Moments after the speech, the founder of the Simon Wiesenthal Center, Rabbi Marvin Hier, delivered a benediction in which he said, “Bless President Donald J. Trump and America and our great nation.
“By the rivers of Babylon we wept as we remembered Zion. If I forget thee, O Jerusalem, let my right hand forget her cunning,” said Rabbi Hier, quoting Psalms 137.
On Sunday evening, Israeli Prime Minister Benjamin Netanyahu spoke by phone to President Trump in what was described by the Prime Minister’s Office as a “very warm conversation,” as was reported by the World Israel News web site.
Netanyahu expressed his desire to work closely with the American leader and to forge a common vision to advance peace and security in the region, “with no daylight between the United States and Israel,” the PMO said.
WIN also reported that the discussion was focused on the Iran nuclear deal and a resumption of the Israeli-Palestinian peace process, among other issues.
Trump “affirmed his unprecedented commitment to Israel’s security and stressed that countering ISIL and other radical Islamic terrorist groups will be a priority for his Administration,” the statement said, using the alternative acronym for the Islamic State (ISIS) jihadist group.” according to a White House statement.
“The President emphasized that peace between Israel and the Palestinians can only be negotiated directly between the two parties, and that the United States will work closely with Israel to make progress towards that goal.”
Moreover, the statement said that Trump invited Netanyahu to visit the White House in early February, making him one of the first foreign leaders invited to 1600 Pennsylvania Ave. under the new administration.
Over the weekend, Israel announced plans to build nearly 600 Jewish homes in East Jerusalem, with Netanyahu pledging “unrestricted” building in East Jerusalem soon.
“The rules of the game have changed with Donald Trump’s arrival as president,” Meir Turgeman, Jerusalem’s deputy mayor, said on Sunday.
The Trump administration, however, has been treading cautiously on the issue of moving the US embassy from Tel Aviv to Jerusalem as the candidate has promised. Its spokesman said that it has yet to decide on when to make the move.
INN reported that on Monday, Sean Spicer, in his first Q&A with reporters as White House press secretary, said that President Trump had not yet made a decision about the embassy move.

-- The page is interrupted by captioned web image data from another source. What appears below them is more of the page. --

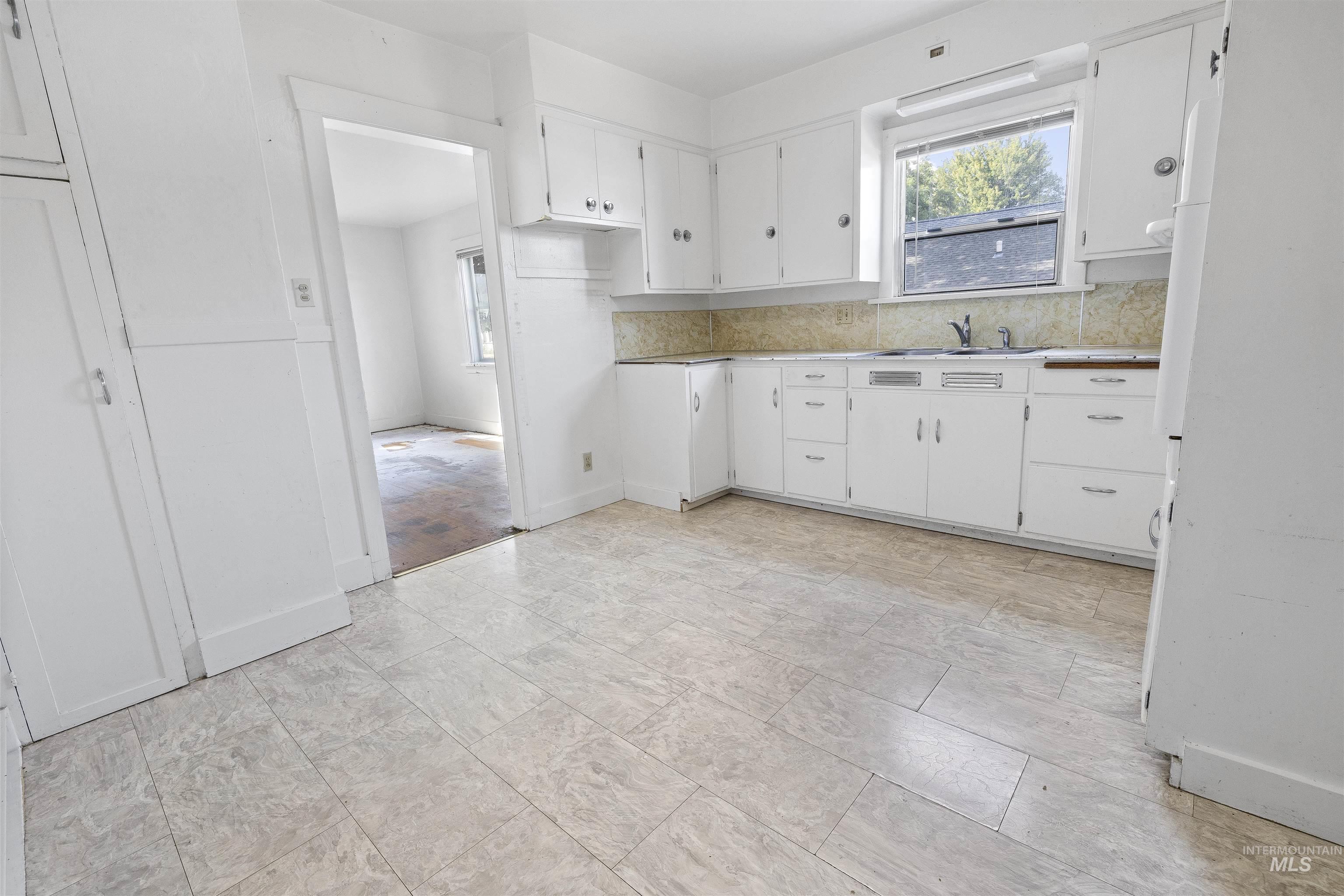 1431 12th Street, Lewiston, Idaho 83501, 2 Bedrooms, 1 Bathroom, Residential For Sale, Price $218,000, 98999688
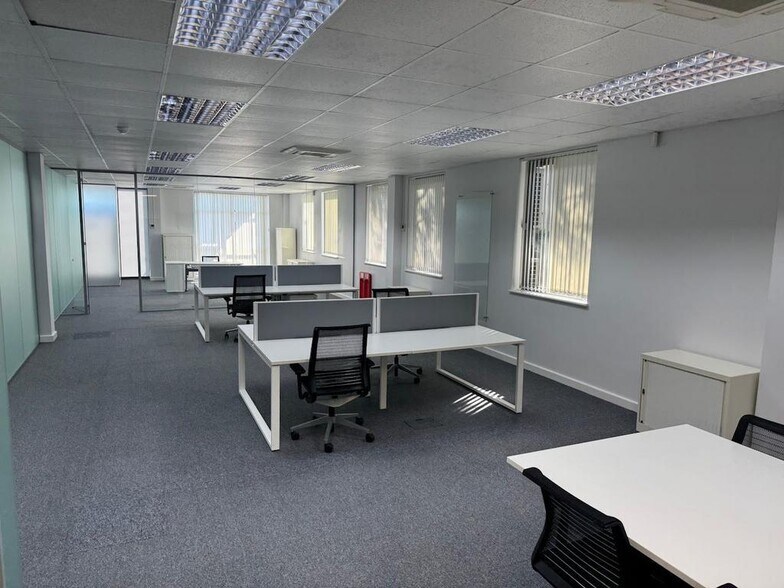 1-2 Eversley Way, Egham for lease - Building Photo - Image 2 of 8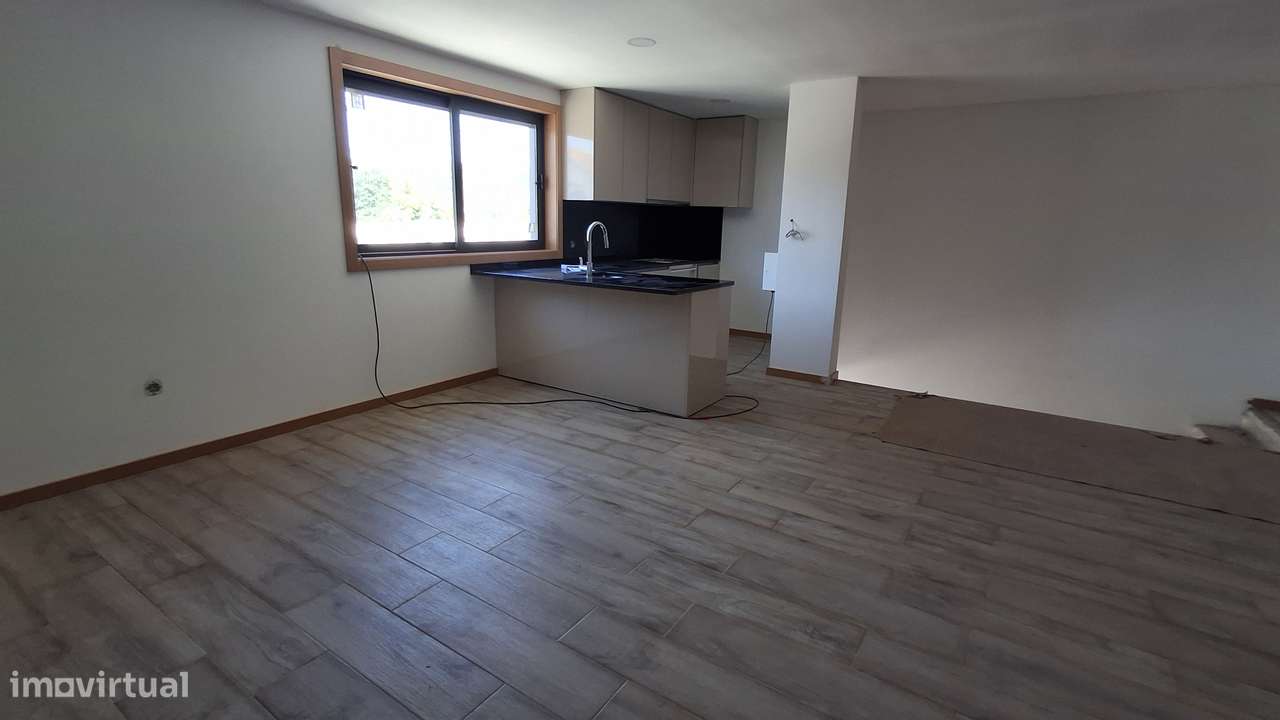 Apartamento T3 novo com jardim em Agrela-4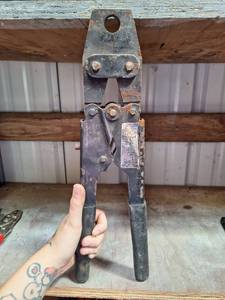 lot 3039 image: pex plumbing Crimp Tool
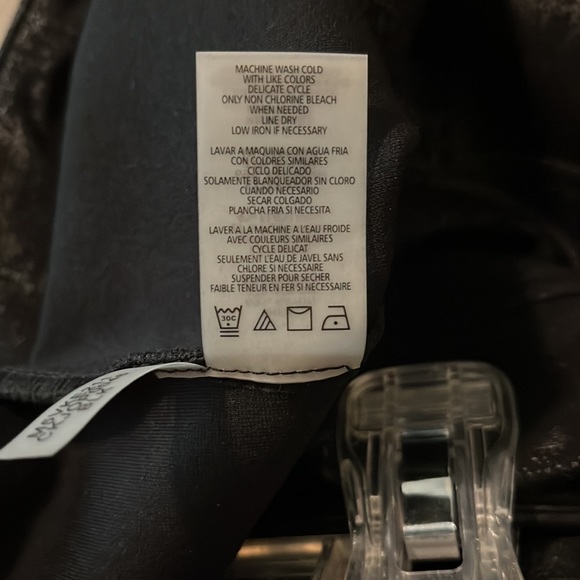 ⚡️NWOT⚡️ Calvin Klein Animal Print Compression Pants. - Picture 7 of 7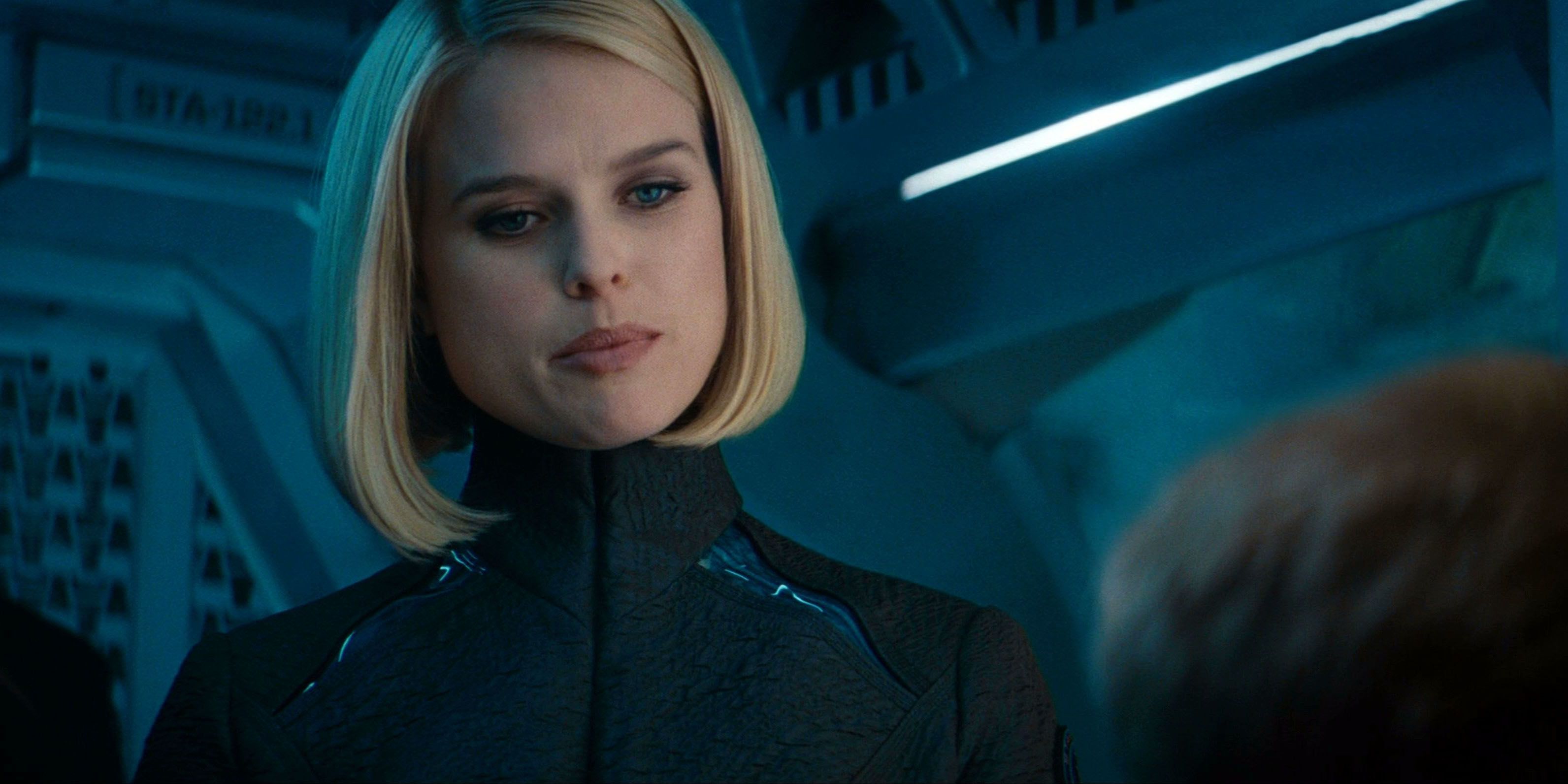 Alice Eve apresentada como Carol Marcus em Star Trek Into Darkness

“There’s no decision,” Spicer said when he was asked about whether the administration had considered the strategic consequences of a move. “We’re at the very early stages of that decision-making process.”
Later, asked whether Trump would order the move through executive action, Spicer said: “It’s very early in this process. We’re at the beginning stages of this decision-making process and his team will continue to consult with stakeholders there.”
Finally, a third reporter asked Spicer whether he meant there was no decision yet — not just on when, but whether to move the embassy.
“If it was already a decision, we wouldn’t be going through the process,” Spicer said.
Trump said while he campaigned and reportedly as recently as last week that he planned to move the embassy from Tel Aviv. Last week, Spicer said there would be an announcement “soon.”
The PA leadership has said in recent days that an embassy move could bury any vestiges of the peace process, which Trump has said he would like to advance. MSNBC reported Monday that Trump believes that advancing peace is a greater priority than moving the embassy. Jordan, a close U.S. ally, has also warned that the move could destabilize the region.
Congress in 1995 passed a law mandating a move to Jerusalem, but allowed presidents to waive it every six months for national security reasons; successive presidents have done so. Trump would need to issue a waiver by the end of May if he chooses not to move the embassy.
Over the past two decades, presidents Clinton, Bush, and Obama have used security waivers to defer transfer of the embassy from Tel Aviv.
On Tuesday, INN reported that influential Iraqi cleric Moqtada al-Sadr said that moving the US embassy in Israel from Tel Aviv to the Israeli capital, Jerusalem, would be a declaration of war on Islam.
"Transferring the US embassy to Jerusalem would be a public and more-explicit-than-ever declaration of war against Islam," he said in a statement.
Al-Sadr responded to reports by the White House that deliberations on the possible move had begun.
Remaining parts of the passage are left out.